YOUR OBJECTIVE:
Using the material below, repeat exactly the lines from the one with "National Museum Of Anthropology, Mexico City" through the one with "Used 2019 Chevrolet", ends included, without any images.

RECORDS SHOWN:
☆ ☆ ☆ ☆ ☆
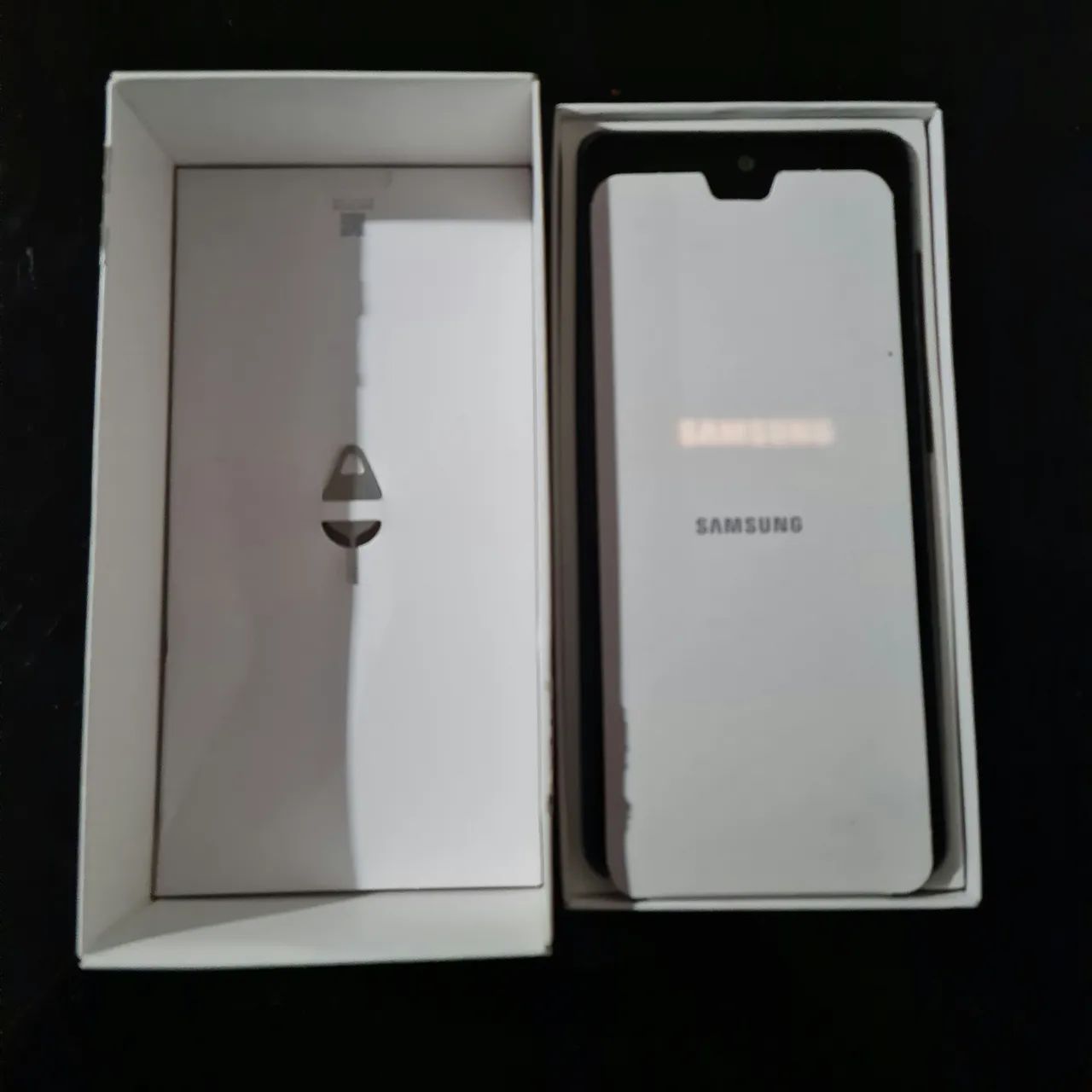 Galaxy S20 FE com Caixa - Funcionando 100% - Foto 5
☆ ☆ ☆ ☆ ☆
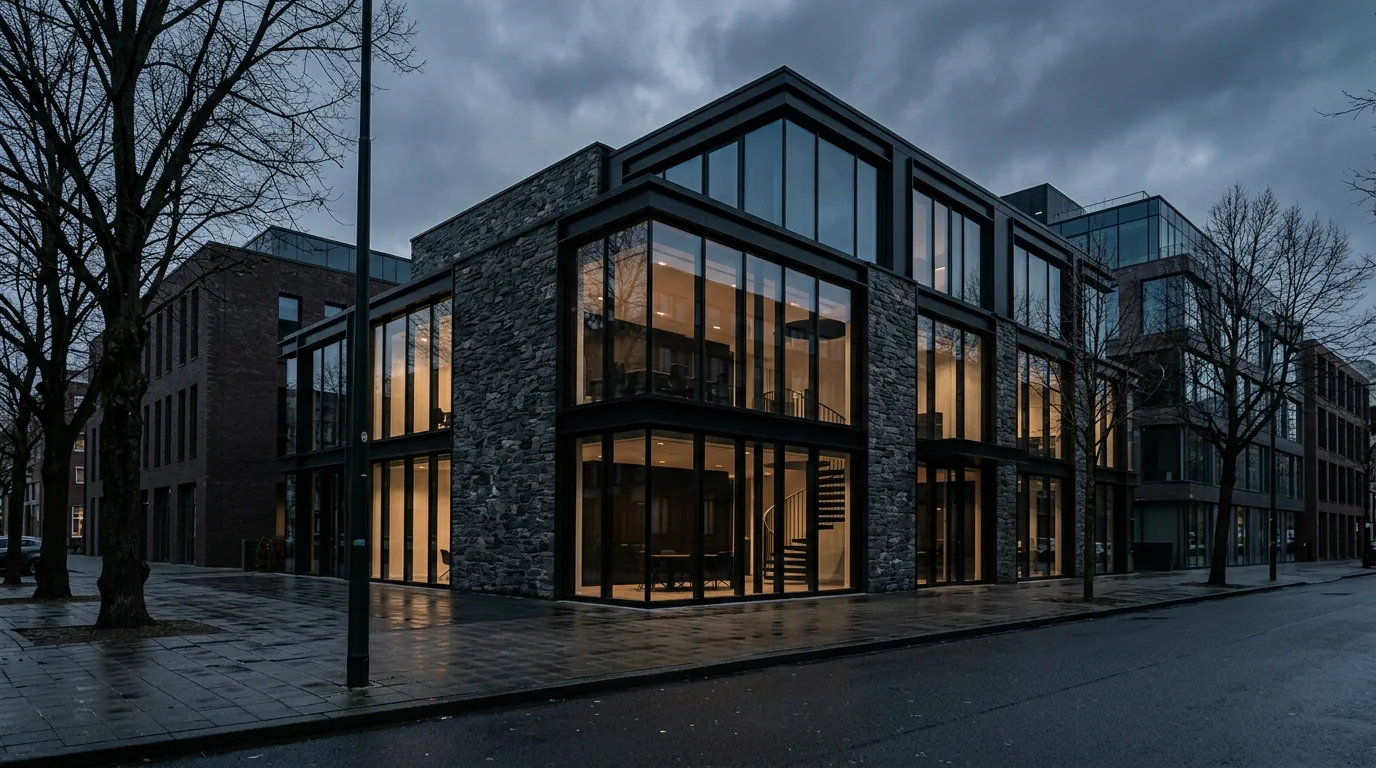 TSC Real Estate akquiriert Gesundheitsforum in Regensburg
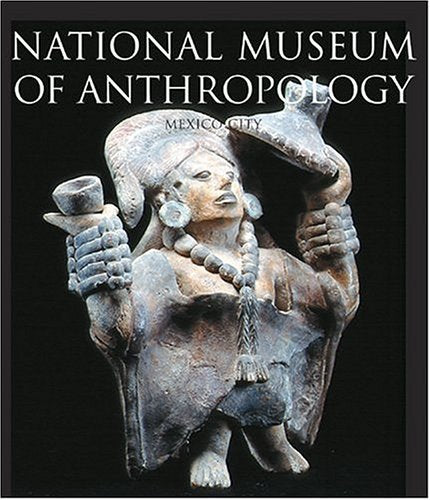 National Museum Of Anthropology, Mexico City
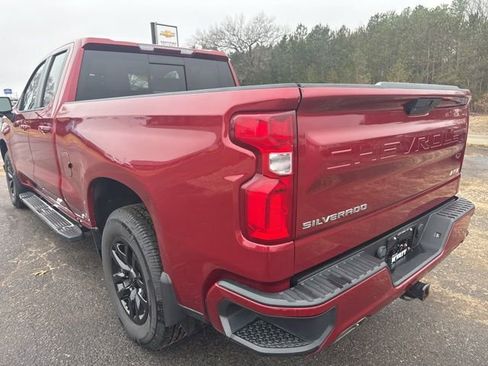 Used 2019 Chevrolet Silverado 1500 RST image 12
☆ ☆ ☆ ☆ ☆
TASK OUTPUT:
 National Museum Of Anthropology, Mexico City
 Used 2019 Chevrolet Silverado 1500 RST image 12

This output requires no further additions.